Les électeurs russes se sont rendus aux urnes vendredi au premier jour d’un scrutin législatif se déroulant jusqu’à ce dimanche et que devrait remporter le parti de Vladimir Poutine.
Le vote pour renouveler les 450 sièges de la Douma, la chambre basse du Parlement russe, est prévu pour durer jusqu’à ce dimanche soir et les premiers résultats sont attendus dans la foulée. Ces législatives sont les premières depuis le début de l’offensive à grande échelle lancée par Moscou en Ukraine en février 2022. Elles sont également organisées dans les territoires de l’est de l’Ukraine occupés et annexés par la Russie.
Le scrutin permettra au Kremlin de se faire une idée de l’état d’esprit des Russes, alors que les initiatives diplomatiques pour mettre fin au conflit le plus meurtrier en Europe depuis la Seconde Guerre mondiale ont toutes échoué jusqu’à présent.

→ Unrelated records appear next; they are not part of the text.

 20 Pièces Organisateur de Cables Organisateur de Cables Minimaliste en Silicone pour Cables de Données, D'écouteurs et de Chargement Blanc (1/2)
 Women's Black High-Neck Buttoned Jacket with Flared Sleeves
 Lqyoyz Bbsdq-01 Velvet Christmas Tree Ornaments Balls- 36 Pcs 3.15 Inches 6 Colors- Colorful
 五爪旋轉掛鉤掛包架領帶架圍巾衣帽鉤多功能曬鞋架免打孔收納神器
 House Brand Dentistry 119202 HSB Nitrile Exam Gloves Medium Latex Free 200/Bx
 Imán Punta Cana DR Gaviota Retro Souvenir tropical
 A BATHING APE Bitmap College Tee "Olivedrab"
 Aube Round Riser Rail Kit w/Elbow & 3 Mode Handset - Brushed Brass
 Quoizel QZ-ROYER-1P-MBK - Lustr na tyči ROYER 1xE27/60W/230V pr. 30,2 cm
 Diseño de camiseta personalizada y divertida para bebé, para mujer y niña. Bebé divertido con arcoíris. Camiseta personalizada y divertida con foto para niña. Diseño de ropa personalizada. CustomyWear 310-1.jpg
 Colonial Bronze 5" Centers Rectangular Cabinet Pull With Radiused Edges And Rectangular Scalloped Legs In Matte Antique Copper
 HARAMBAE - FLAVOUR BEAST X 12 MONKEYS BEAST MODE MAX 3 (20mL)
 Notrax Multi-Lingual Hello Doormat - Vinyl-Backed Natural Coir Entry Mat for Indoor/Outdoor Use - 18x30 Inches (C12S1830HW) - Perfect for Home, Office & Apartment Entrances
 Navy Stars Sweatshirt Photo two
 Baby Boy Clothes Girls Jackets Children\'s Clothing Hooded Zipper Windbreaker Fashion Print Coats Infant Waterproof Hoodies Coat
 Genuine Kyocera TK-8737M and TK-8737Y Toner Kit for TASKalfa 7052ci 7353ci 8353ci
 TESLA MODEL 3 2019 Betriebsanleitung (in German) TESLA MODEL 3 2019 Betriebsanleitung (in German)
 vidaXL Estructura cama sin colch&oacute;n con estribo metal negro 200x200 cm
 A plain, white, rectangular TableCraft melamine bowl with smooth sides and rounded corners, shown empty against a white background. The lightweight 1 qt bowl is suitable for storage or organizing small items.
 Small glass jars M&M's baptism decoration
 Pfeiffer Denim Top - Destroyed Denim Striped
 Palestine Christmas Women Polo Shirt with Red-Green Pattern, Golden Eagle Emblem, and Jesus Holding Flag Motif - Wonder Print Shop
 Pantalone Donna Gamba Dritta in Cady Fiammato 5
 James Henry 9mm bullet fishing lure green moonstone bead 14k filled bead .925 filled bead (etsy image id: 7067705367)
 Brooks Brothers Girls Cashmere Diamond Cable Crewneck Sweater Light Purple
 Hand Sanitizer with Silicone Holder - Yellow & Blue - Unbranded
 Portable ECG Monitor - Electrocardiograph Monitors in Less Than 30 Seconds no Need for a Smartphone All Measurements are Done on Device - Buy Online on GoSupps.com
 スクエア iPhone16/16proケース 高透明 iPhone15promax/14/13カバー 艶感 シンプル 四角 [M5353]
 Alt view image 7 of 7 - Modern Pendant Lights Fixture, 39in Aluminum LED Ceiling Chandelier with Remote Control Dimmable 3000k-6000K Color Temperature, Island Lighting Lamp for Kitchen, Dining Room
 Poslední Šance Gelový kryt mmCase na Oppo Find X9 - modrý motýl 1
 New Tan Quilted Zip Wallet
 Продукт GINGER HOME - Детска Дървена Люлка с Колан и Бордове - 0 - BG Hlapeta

Si l’issue de ces législatives fait peu de doute, la participation et le score des partis alternatifs sera scruté par les analystes, dans un pays où l’expression de la dissidence est sévèrement réprimée par le pouvoir.
L’Union européenne a dénoncé des élections se déroulant dans un climat de «répression systématique et institutionnalisée», tandis qu’une instance d’opposants russes auprès du Conseil de l’Europe a qualifié le scrutin de simulacre.
Les électeurs russes et les analystes s’attendent à ce que Russie unie, le parti du président déjà majoritaire dans la Douma sortante, remporte le scrutin et continue de dominer l’organe législatif. Face à Russie unie, seules des formations soutenant à des degrés divers Vladimir Poutine et la poursuite du conflit en Ukraine – les communistes du KPRF, les nationalistes du LDPR, les conservateurs de Russie juste et les libéraux du parti des Nouvelles personnes – ont été autorisées à concourir. Iabloko, le seul parti frontalement opposé à la guerre en Ukraine, a d’abord été autorisé à participer au scrutin avant d’en être privé par la justice au mois d’août.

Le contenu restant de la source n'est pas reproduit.